Re: [lkp-robot] [x86/refcount] b631e535c6: WARNING:at_net/netlink/af_netlink.c:#netlink_sock_destruct

From: Hans Liljestrand
Date: Thu Jul 27 2017 - 09:34:37 EST


On Tue, Jul 25, 2017 at 11:38:30AM -0700, Kees Cook wrote:
On Tue, Jul 25, 2017 at 3:43 AM, Hans Liljestrand
<liljestrandh@xxxxxxxxx> wrote:
On Mon, Jul 24, 2017 at 08:21:16PM -0700, Kees Cook wrote:

On Mon, Jul 24, 2017 at 6:03 AM, Hans Liljestrand
<liljestrandh@xxxxxxxxx> wrote:

On Sun, Jul 23, 2017 at 08:52:53PM -0700, Kees Cook wrote:


Is 14afee4b6092f ("net: convert sock.sk_wmem_alloc from atomic_t to
refcount_t") correct? That looks like a statistics counter, not a
refcounter? I can't quite tell, though...

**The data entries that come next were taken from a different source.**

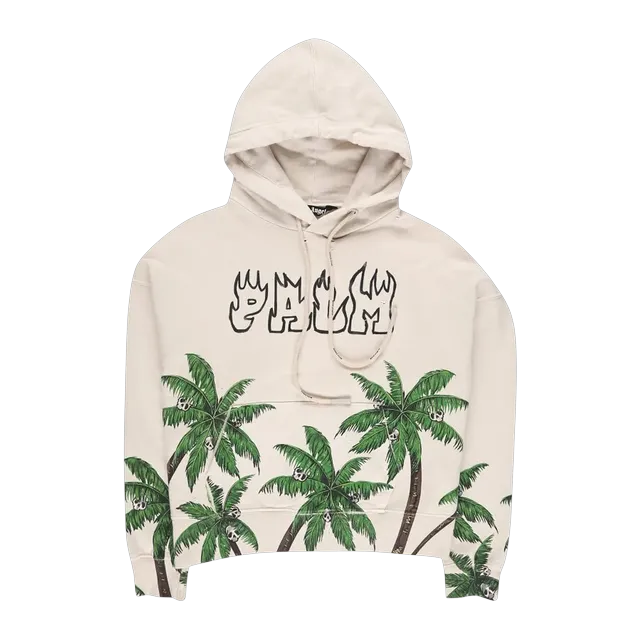 Palm Angels Palms And Skull Vintage Hoodie White — Authentic Hoodies & Sweats at CLZTURE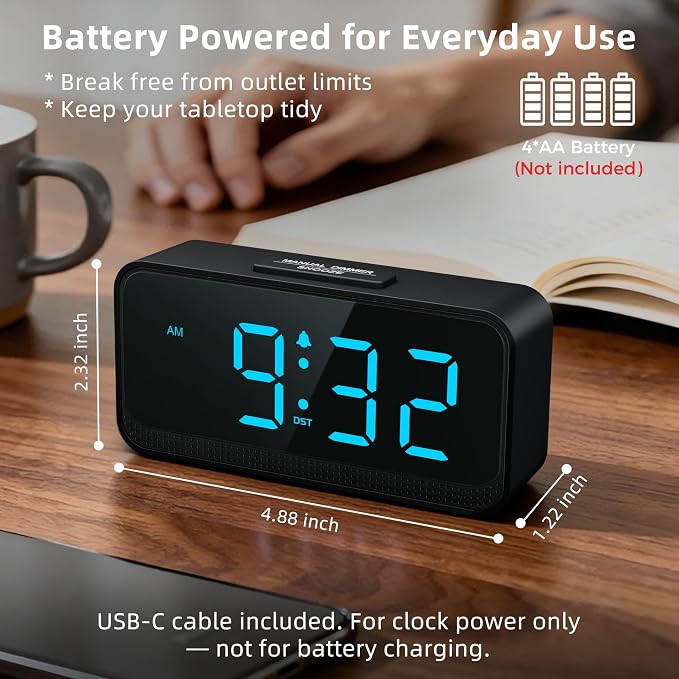 Battery Operated Small Alarm Clock: Compact Cordless Design | Digital Large - Image 3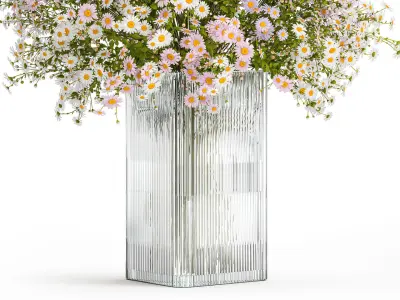 Bouquet of white wildflowers chamomile daisies vase 435 3D model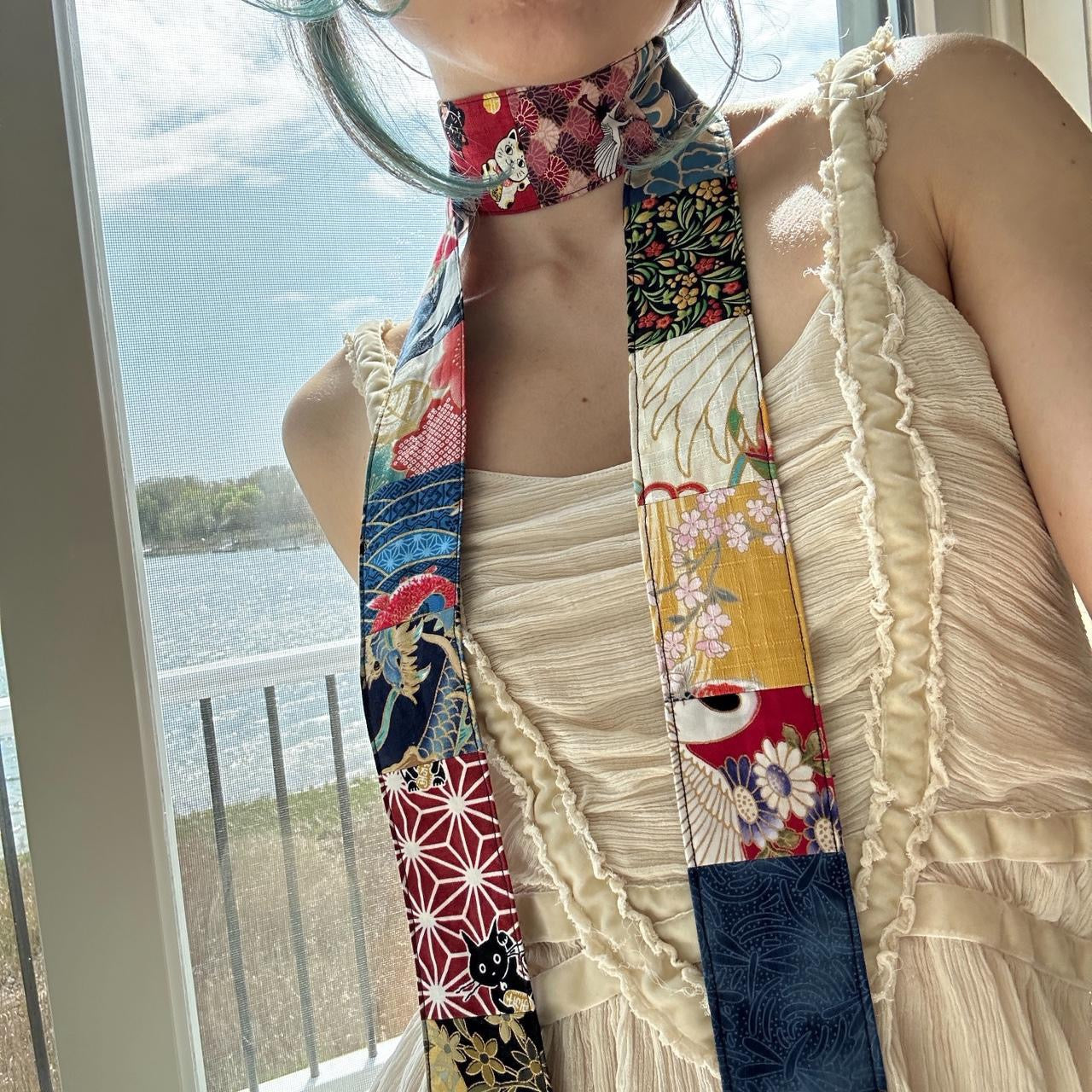 Multi-colored skinny scarf
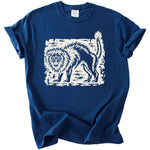 A blue crewneck t-shirt featuring a stylized graphic of a snarling cat with arched fur.
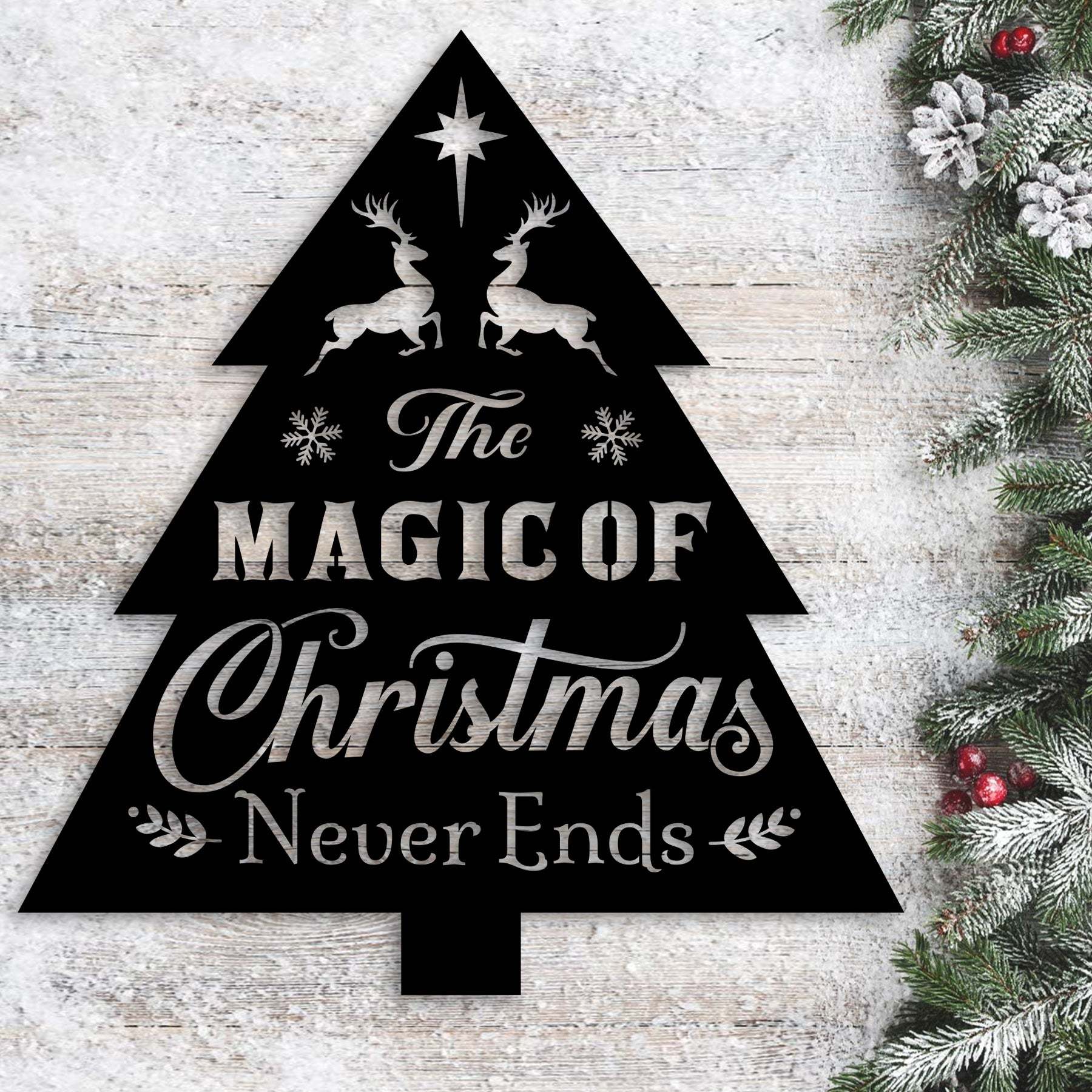 The Magic of Christmas Metal Wall Decor, Rustic Tree Shaped Holiday Sign, Christmas Reindeer Wall Art for Home and Outdoor Display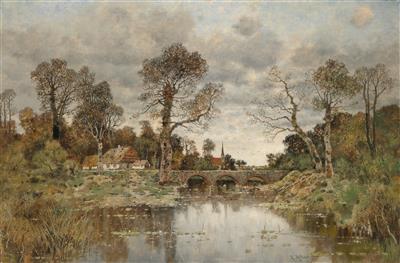 River Landscape with Stone Bridge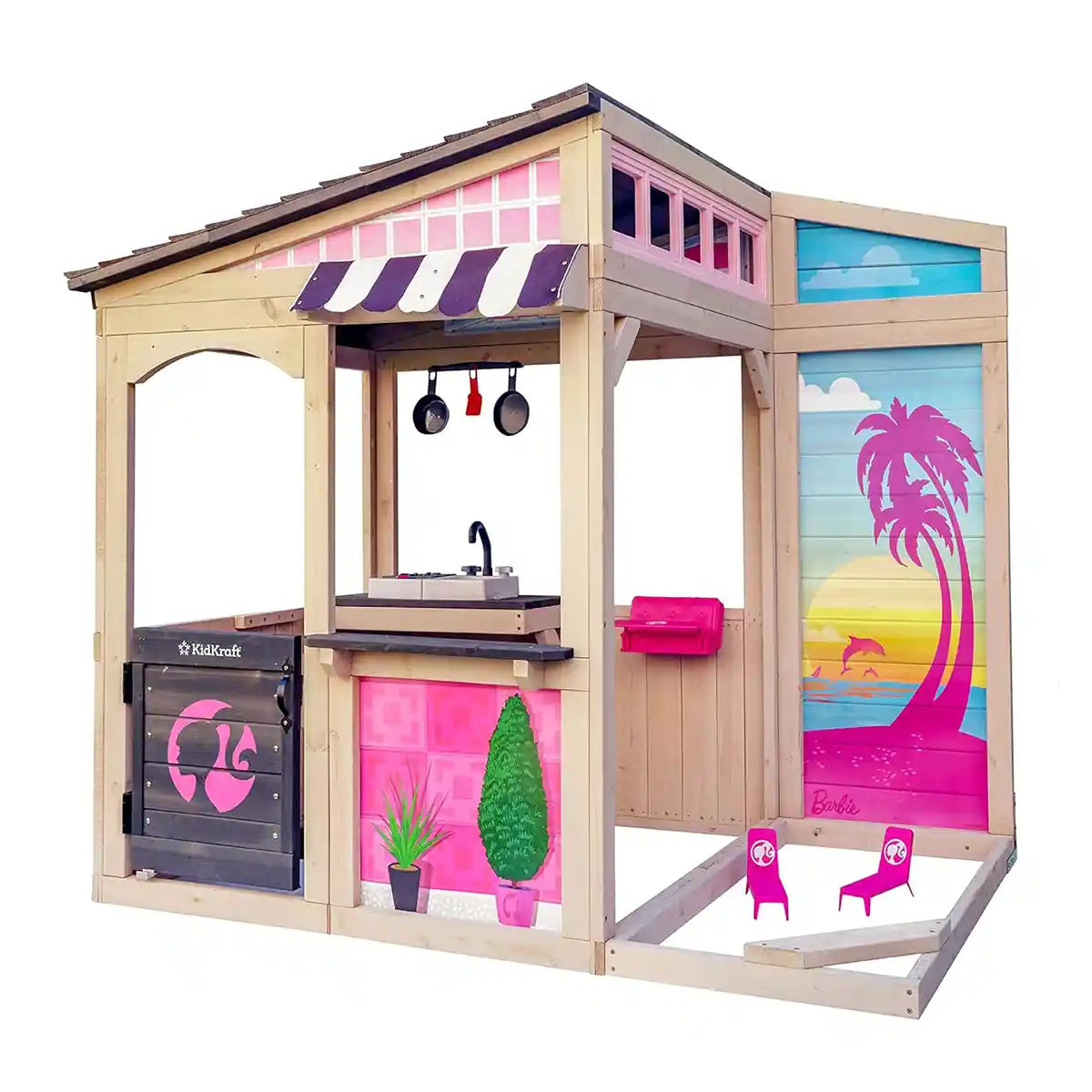 KidKraft Barbie Seaside Wooden Playhouse - Kiddy Zone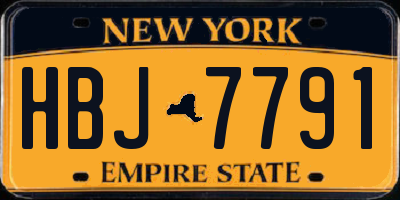 NY license plate HBJ7791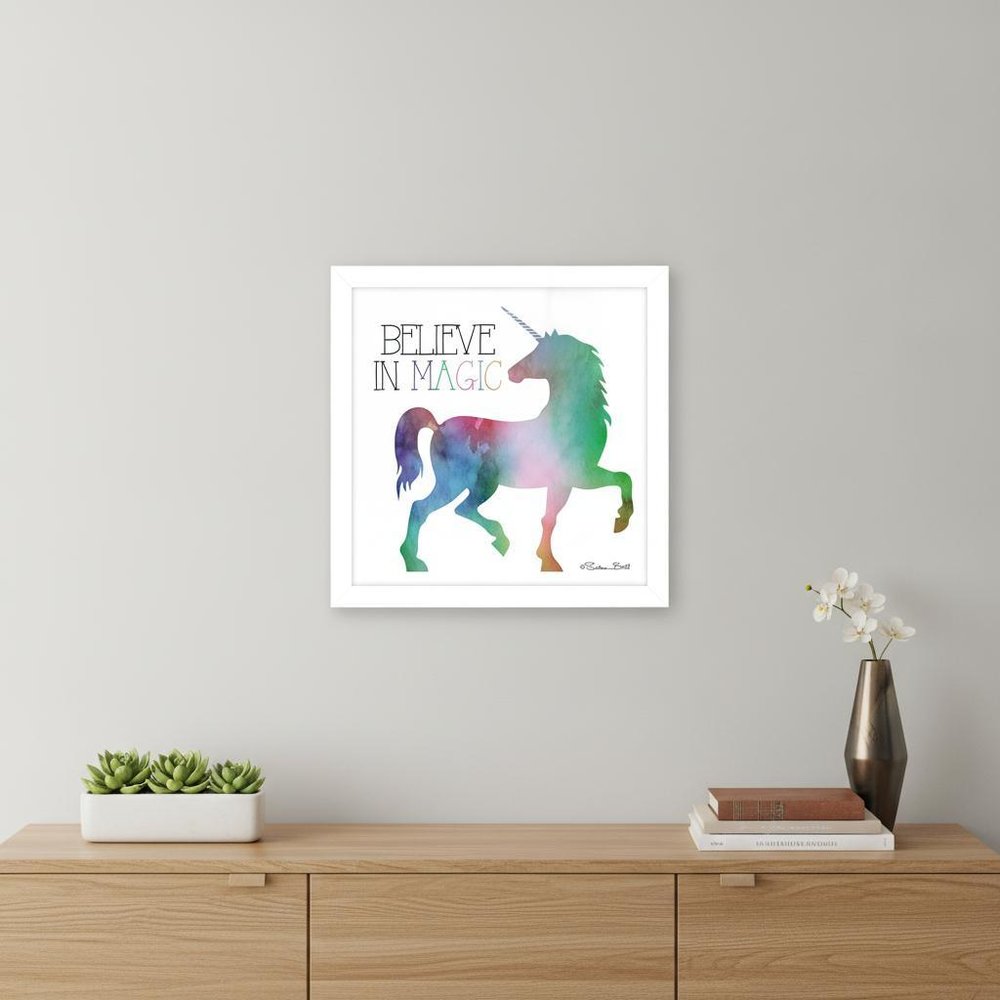 Believe in Magic Unicorn White Framed Print Wall Art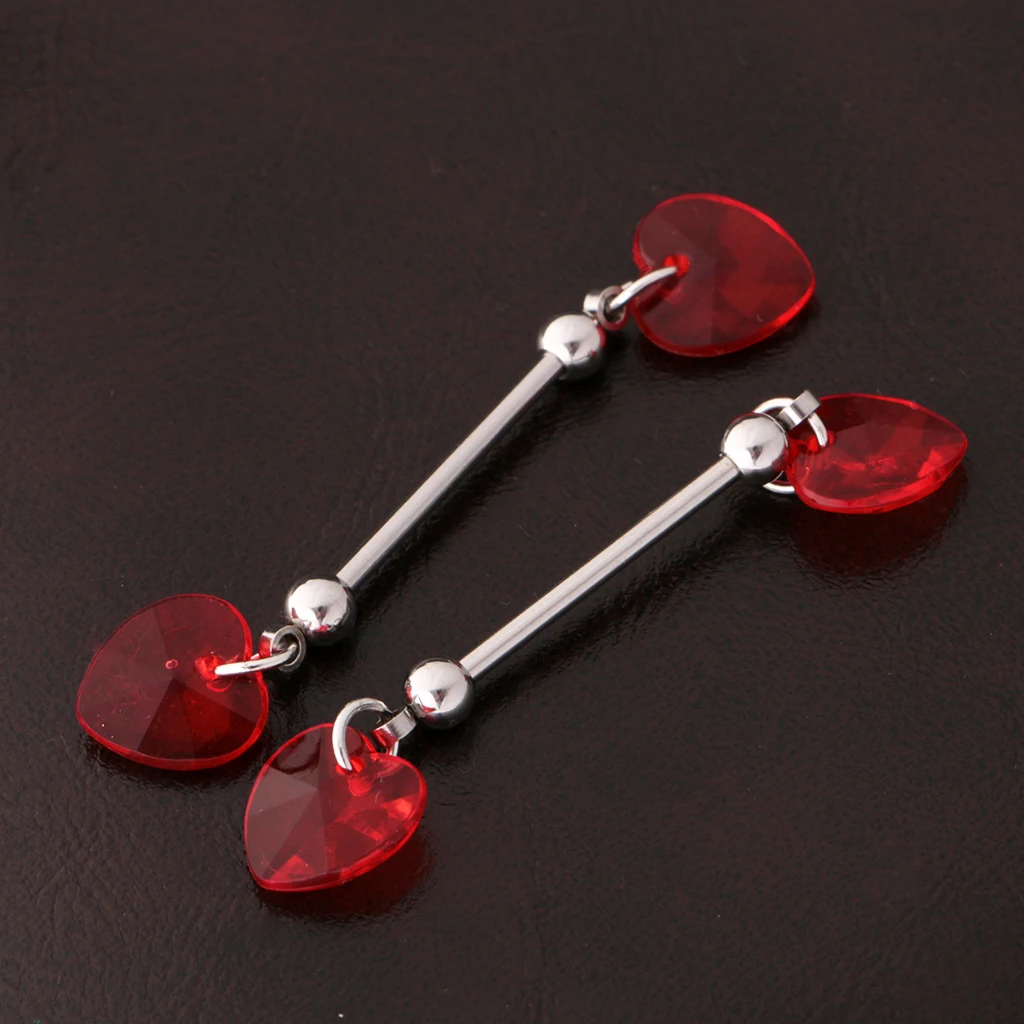 2Pcs Women Stainless Steel Red Heart Shield Nipple Bar Barbell Body Piercing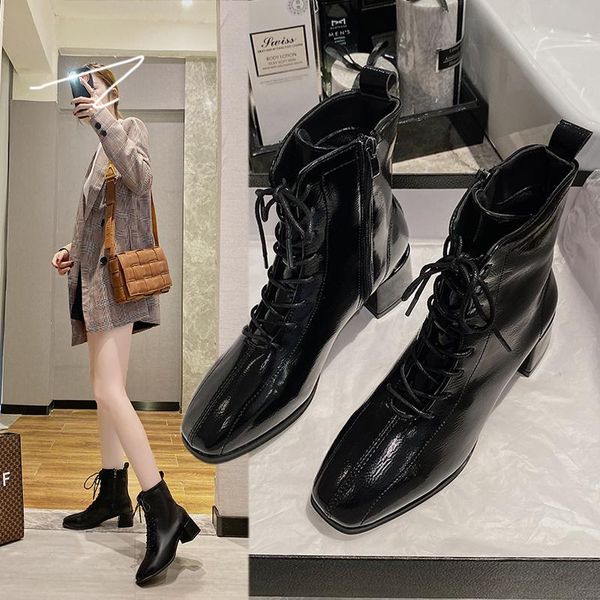 

round toe brand women's shoes woman flat boots booties ladies boots-women fashion low rubber mid-calf autumn mid calf rock, Black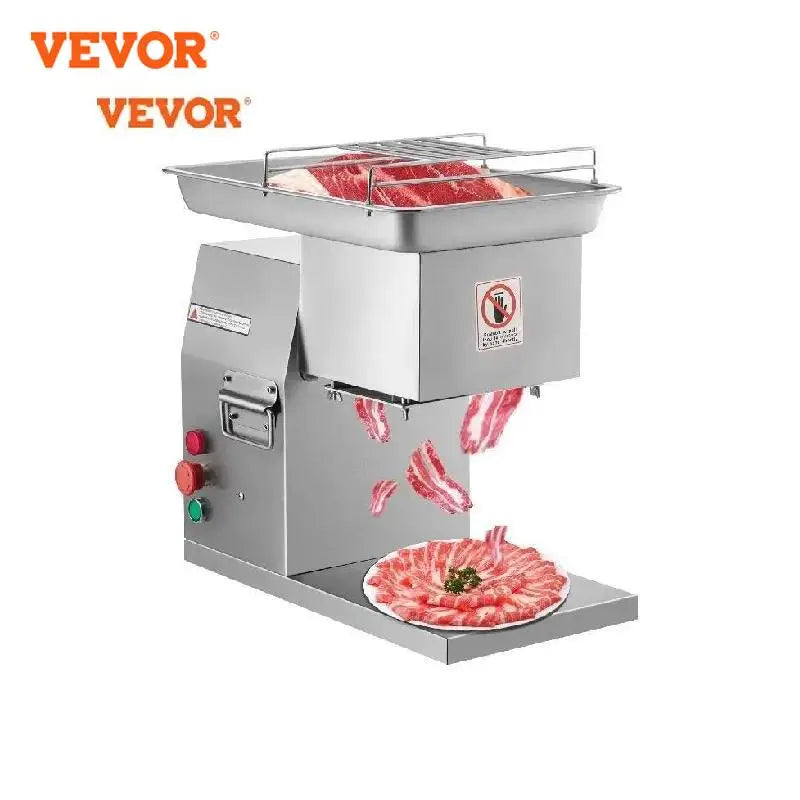 VEVOR 250Kg/H Electric Meat Slicer Stainless Steel 3mm Blades Meat Cutter Grinder Machine Auto Kitchen Home Appliance Commercial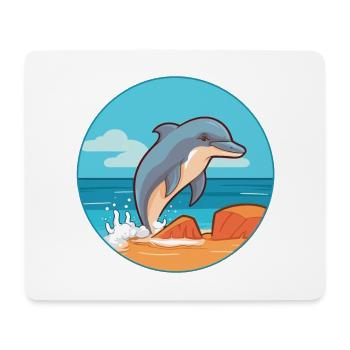 Dolphin Watercolor Cartoon Kawaii Clipart Animal - Mouse Pad (horizontal) - white - Front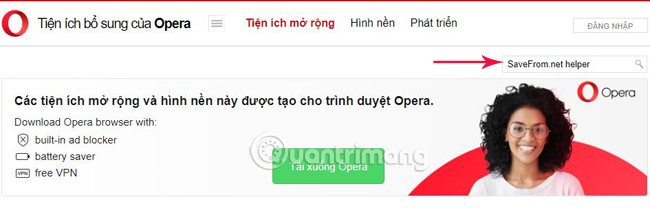 Nhập từ khóa SaveFrom.net helper vào ô tìm kiếm.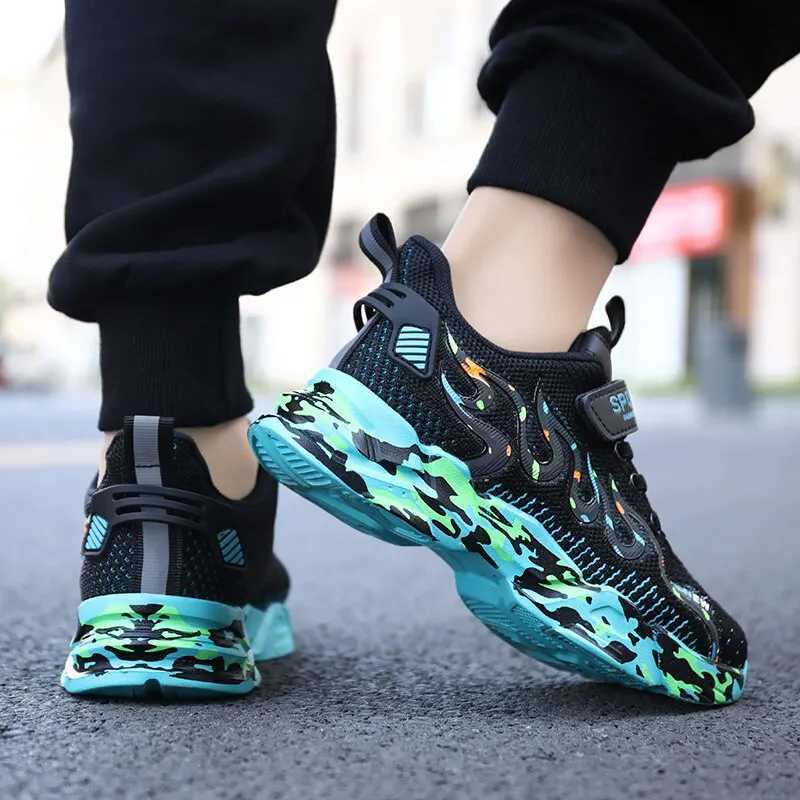 New Kids Shoes Childrens Fashion Boy Running Sneakers Non-slip Lightweight Sports Children Shoes QualiXJ241209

Hmm, yes, it looks a bit weird, but it is used in a refcount fashion
here:

void sk_free(struct sock *sk)
{
/*
* We subtract one from sk_wmem_alloc and can know if
* some packets are still in some tx queue.
* If not null, sock_wfree() will call __sk_free(sk) later
*/
if (refcount_dec_and_test(&sk->sk_wmem_alloc))
__sk_free(sk);
}

http://elixir.free-electrons.com/linux/v4.13-rc1/source/net/core/sock.c#L1605


Ah yeah, there it is. Hrmpf. Something is triggering WARNs, though...
I wonder if this can get examined more closely?


I tried reproducing the error but I don't seem to know how to use lkp. Got
lots of permission denied errors and finally ran out of disk space (after
using up ~50GB).

Maybe I did something wrong?

What I did was: Cloned the related kernel repository, checked out offending
commit, plopped in config, compiled bzImage. Then I just cloned the lkp repo
and tried running the provided command line with the bzImage and provided
script.

I'll take another look once I have the time, might be I missed something
earlier.

Yeah, I'm not sure. Seems it was found through trinity? And only after
36 seconds, too.

I think I might have missed something here? I cannot find anything about trinity or 36 seconds? Although I either misplaced or didn't get the original email, so I'm not sure if it had some other attachments beyond the config and script?


Also, why not atomic->refcount for sk_rmem_alloc?

I couldn't find any similar refcount-like use on sk_rmem_alloc.

Okay, interesting.

And as noted the sk_wmem_alloc thing is also a bit dubious. It looks like it
serves a dual purpose of actual allocation size and occasional reference
counter.

Could you ask net-dev to see what is actually happening here? This
looks like a regression, but also very odd (broken?) refcounting ...

Sure, but I'm unsure of what exactly I should be asking? If you have any more information on the trinity results I'd be happy to look at that beforehand?

Thanks,
-hans


-Kees


--
Kees Cook
Pixel Security